In this study, we constructed a cyclostratigraphic high-resolution age model of the Miocene diatomaceous sediment exposed on Sado Island in Niigata Prefecture based on cyclic oscillations in the ratios of bSi to detritus. We reconstructed Ge/Si ratios and δ³⁰Si of diatom frustules, which were extracted from sediment samples taken at an interval of ca. 15 kyr. Ge concentrations, Si concentrations, and δ³⁰Si were measured by using isotope dilution-hydride generation-inductively coupled plasma-mass spectrometry (ID-HG-ICP-MS), ICP-atomic emission spectrometry (ICP-AES), multicollector-ICP-MS (MC-ICP-MS), respectively. High-resolution reconstruction of the Miocene Si cycle reveals Quaternary-like orbital-scale oscillations in the Ge/Si ratios and δ³⁰Si, which are characterized by lower values of both during colder periods with lower bSi contents. It indicates that mechanisms controlling the Si cycle are similar between the Quaternary and the Miocene.

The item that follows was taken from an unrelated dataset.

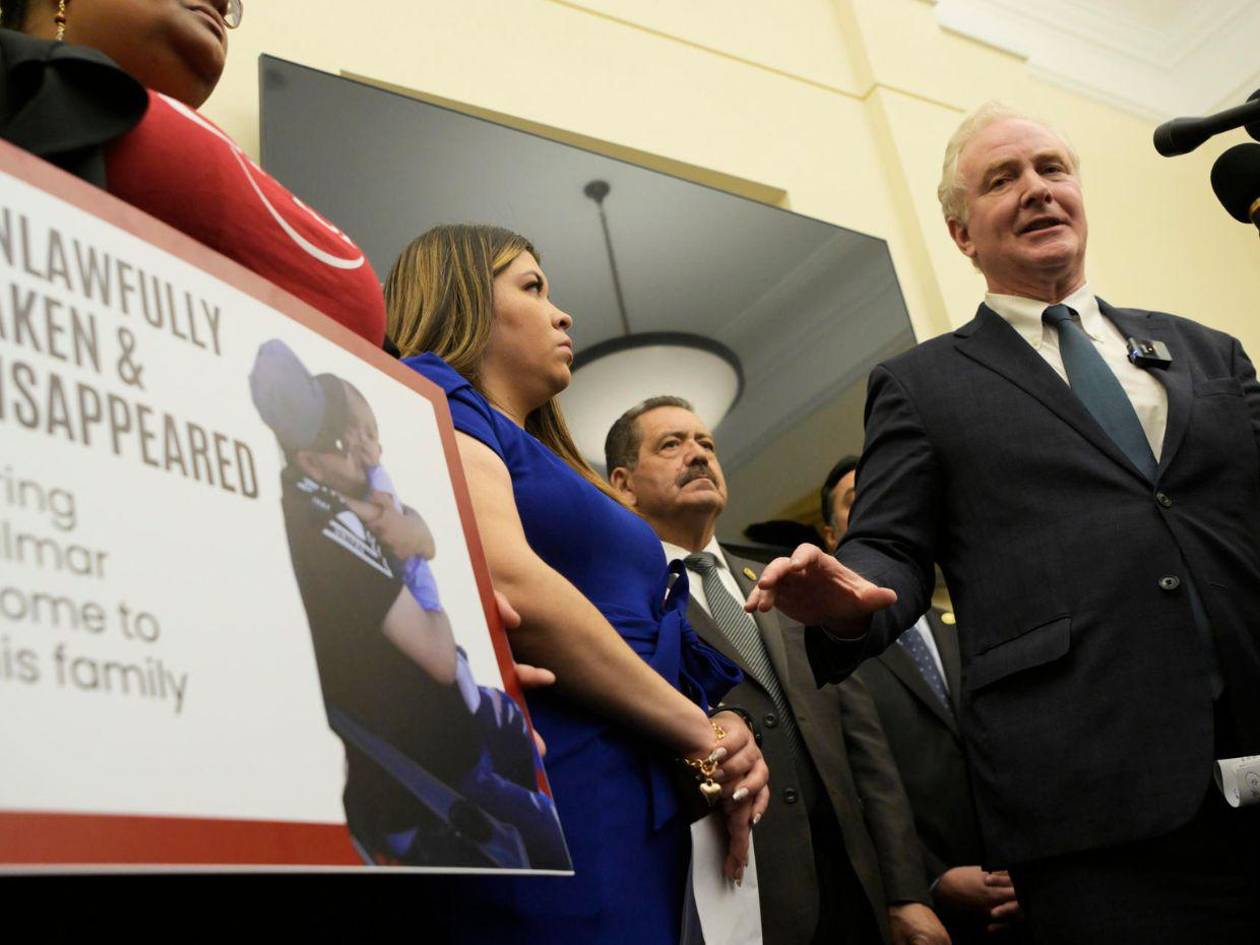 Demócratas viajarán a El Salvador para pedir liberación de migrante deportado por error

Additionally, we evaluated factors controlling the Si cycle by using a box model. We examined the individual effects of five factors on Ge/Si ratios and δ³⁰Si of bSi: dissolved-silica (dSi) utilization ratio in the surface layer, bSi preservation efficiency into the sediment, riverine input, hydrothermal input, and sill depth of the Japan Sea. The box model calculation reveals that lower Ge/Si ratios and δ³⁰Si during colder periods can be explained by a combination of a decrease in dSi utilization ratio, a decline in bSi preservation efficiency, and a decrease in riverine input.
This study provides very new information about the Miocene Si cycle. However, further accumulation of temporal and spatial data is needed to understand a long-term evolution in the Si cycle and its background mechanisms.